Auf Anfrage erklärte Kämmerer Rainer Ritsche: „Das von Ihnen angesprochenen Unternehmen hat die Stadt Wülfrath bisher nicht über mögliche Verlagerungsabsichten informiert. Das Unternehmen Knorr-Bremse ist für die Stadt Wülfrath in ihrer Funktion als Arbeitsplatzgeber als auch als Gewerbesteuerzahler ein wichtiger Faktor.
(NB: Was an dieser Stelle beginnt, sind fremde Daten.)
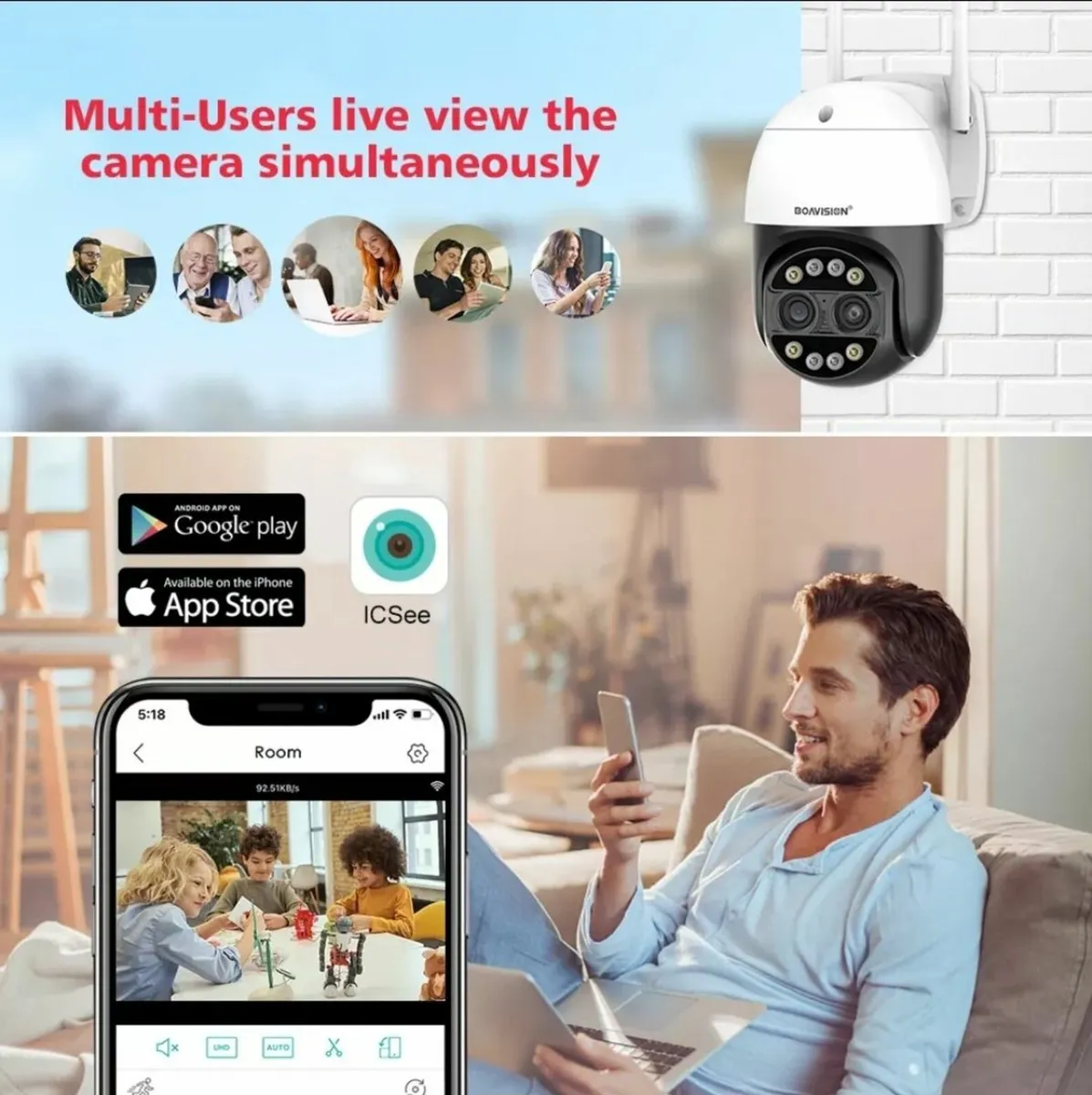 8MP Dual Lens Camera Calving CCTV Home Cam - Image 3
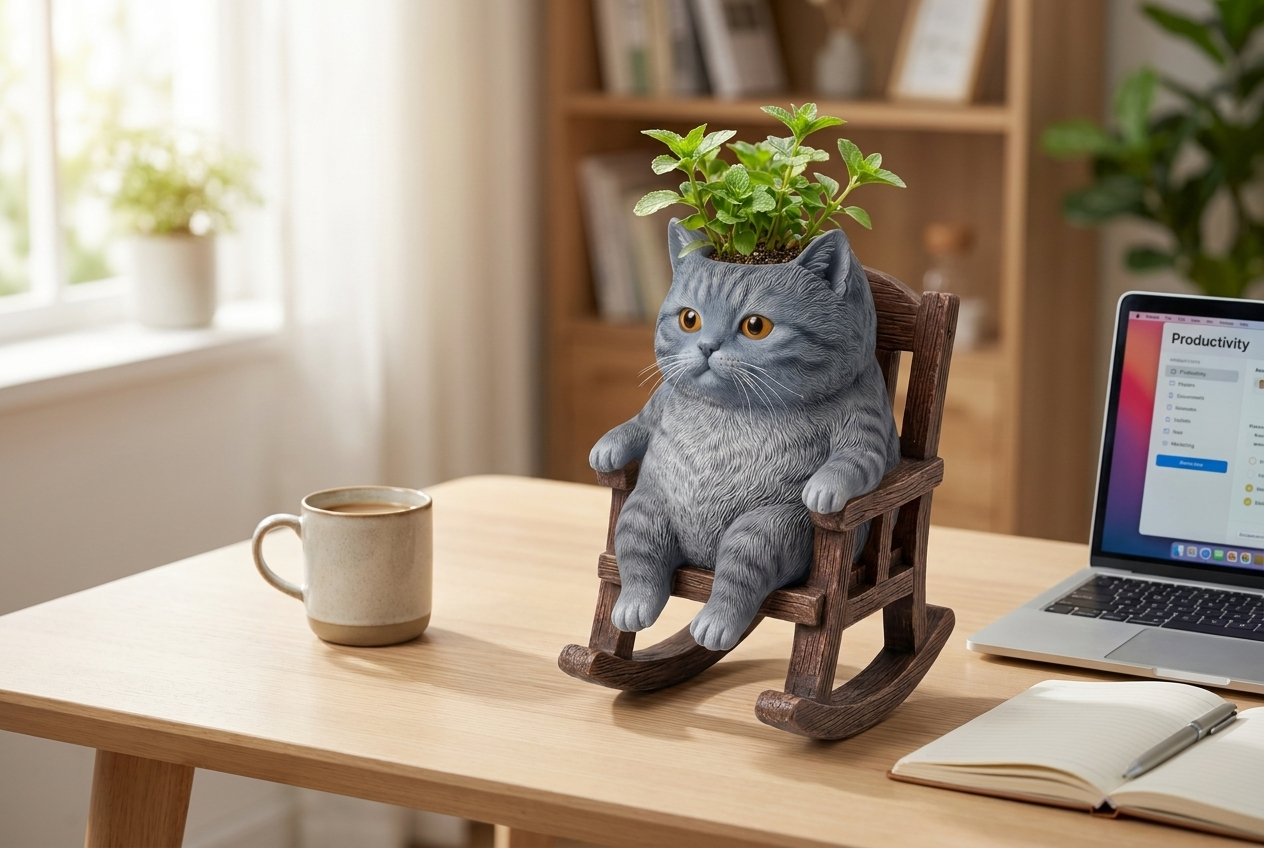Cat rocking planter on a home office desk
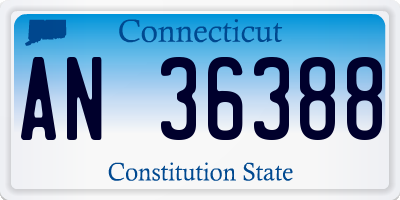 CT license plate AN36388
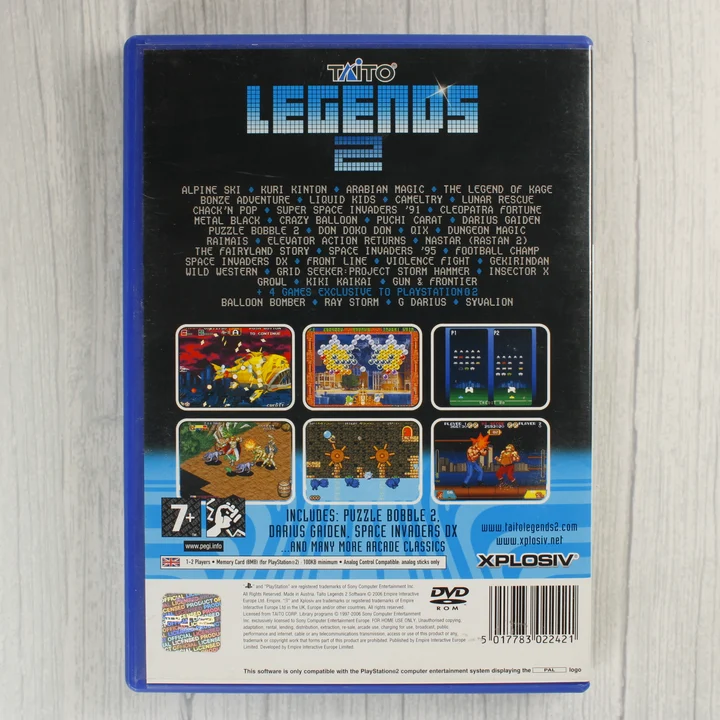 Taito Legends 2 PS2 hátlap Taito Legends 2 PlayStation 2 játék hátlapja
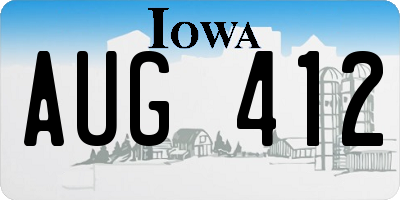 IA license plate AUG412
Eine Schließung würde ich sehr bedauern.“

Alexandra Bufe, Vice President Corporate Communications (oder Sprecherin) von Knorr-Bremse am Hauptsitz in München-Milbertshofen, sagte gestern auf Anfrage: „Es werden mehrere Optionen diskutiert, auf die einzelnen Punkte kann ich nicht eingehen. Wir wollen uns zu den Details nicht äußern.“ Die Gespräche liefen noch und es sei bisher keine Entscheidung getroffen. Alexandra Bufe stellte aber in Aussicht, dass im Rahmen der heutigen Presskonferenz in München „mehr zu dem Thema gesagt werden könnte“.